Não posso viver em uma bolha. Eu tive oportunidades, sei o quanto isso foi transformador na minha vida. E isso não muda somente o indivíduo, isso muda o redor. Por exemplo, meus pais que nunca tinham viajado para fora, agora eles viajam, eles já visitaram a Europa, já visitaram os Estados Unidos, coisas também que eles nunca imaginaram.

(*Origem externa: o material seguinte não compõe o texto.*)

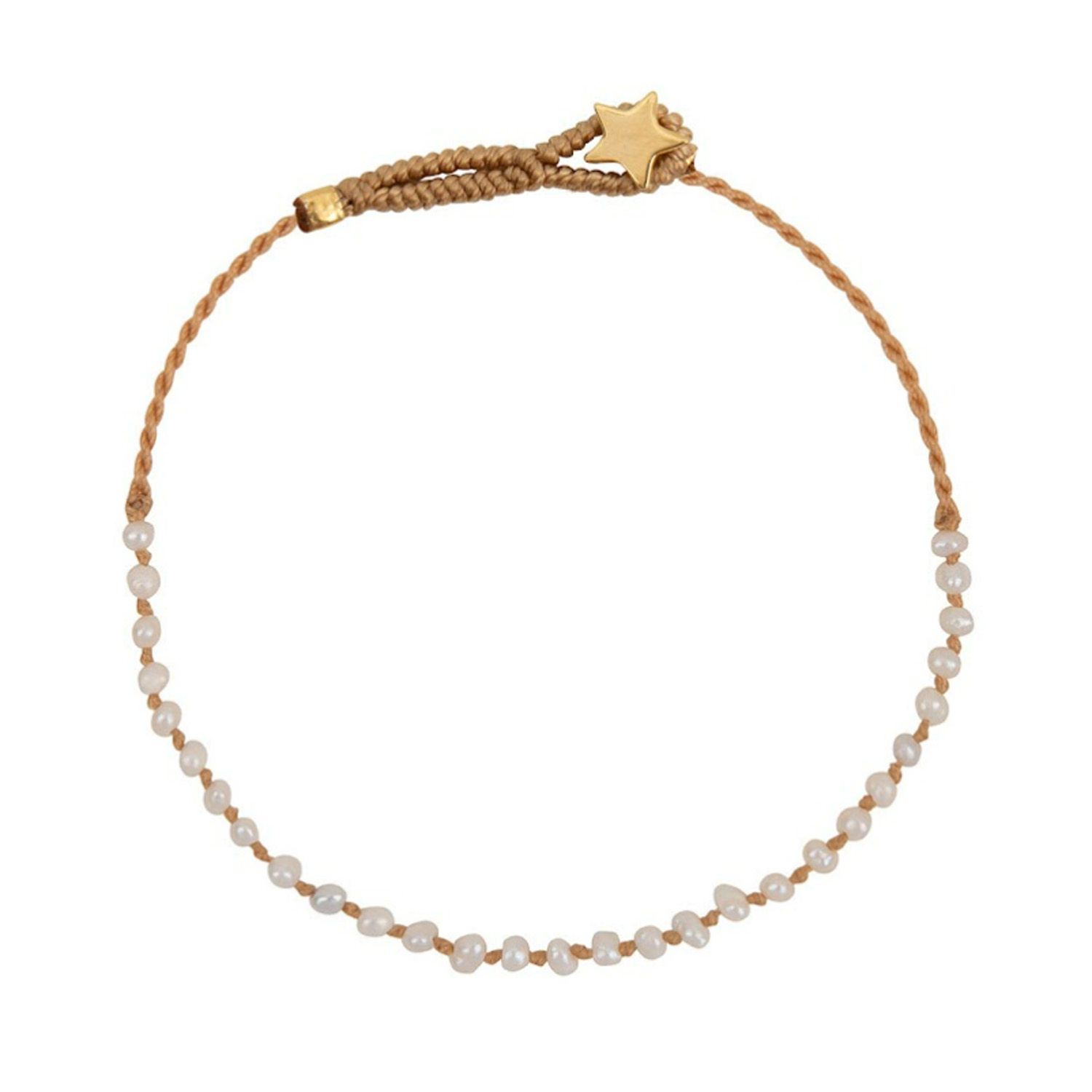 Half Pearl Silk Bracelet Gold Plated | Betty Bogaers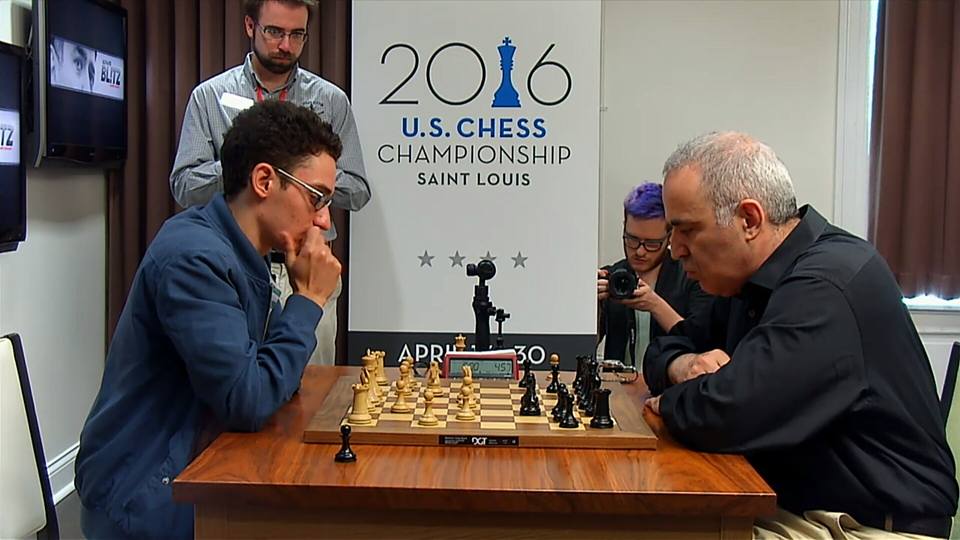 Garry Kasparov contre Fabiano Caruana au Utimate Blitz Challenge 2016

A escolha pela Pastoral também mantém no escopo de Jacqueline o desenvolvimento de mulheres em situações desiguais. "Há dois focos para mim. Um é você ter um diálogo prioritariamente com as mães, já que, quando você está ali, o objetivo é criar um movimento para que as crianças cresçam de forma saudável. Mas, obviamente, a mãe está ali e, também na realidade brasileira, as mães são chefes de família, [já que] muitas vezes o pai não está presente."
A assistência aos menores, portanto, abre espaço para que mulheres ganhem voz. "Lembro que uma das mães falou, e até me deixou emocionada, que nunca teve oportunidade de falar sobre algumas daquelas questões em outro lugar e isso é uma coisa que me marcou muito. Por uma série de motivos, a vida da mulher fica dedicada a cuidar da criança. Mas ela precisa ser cuidada. Ela é um indivíduo, um ser humano. Algumas mães negras disseram que nunca haviam falado de racismo e, quando tocamos no assunto, diziam 'eu já sofri isso'", relata.
Novos voos
Para a gerente da United, o trabalho da Pastoral "inspira crianças a sonhar" — uma lição que ela tira de sua trajetória de casa à aviação.
"Às vezes, a realidade é tão desafiadora que [sonhar] não está no dia a dia das pessoas. Apesar de todos os desafios na nossa vida, essa é uma mola propulsora para a gente avançar e ter sucesso independente do que o sucesso signifique, seja o sucesso de fazer uma universidade, de ajudar em casa, de ter um carro. Sei a diferença que fez na minha vida e na minha família. E todo mundo merece ter uma oportunidade. Eu vim de uma classe trabalhadora, sempre muito privilegiada. Nunca faltou nada em casa e isso, aqui, no Brasil, é um grande privilégio."
Jacqueline enxerga hoje o céu como seu limite, mesmo diante das desigualdades de oportunidades para homens e mulheres. "Quero continuar crescendo na minha carreira, porque ela me permite todas essas possibilidades, e eu quero mais. Hoje eu já não me afeta tanto quanto me afetou antes ouvir 'você não vai conseguir'", relembra.
Quando o homem é ambicioso, isso é considerado uma superqualidade dele. Quando a mulher fala que ela é ambiciosa, interpretam isso como um defeito, querendo dizer que ela é que é uma pessoa desonesta ou arrogante. Eu sou uma pessoa ambiciosa mesmo. Eu acho que se eu não fosse, eu não teria sido tão bem-sucedida no meu trabalho e nas coisas que eu quero para a minha vida.
"Ambição para mim é nada mais do que você ter a audácia de sonhar. E, quando você passa por alguns desafios, se torna uma coisa que ninguém tira de você", reflete. "Para mim, ter seguido o que eu acredito e me colocar em primeiro lugar é uma coisa que também fez com que eu continuasse querendo mais. E eu quero mais mesmo."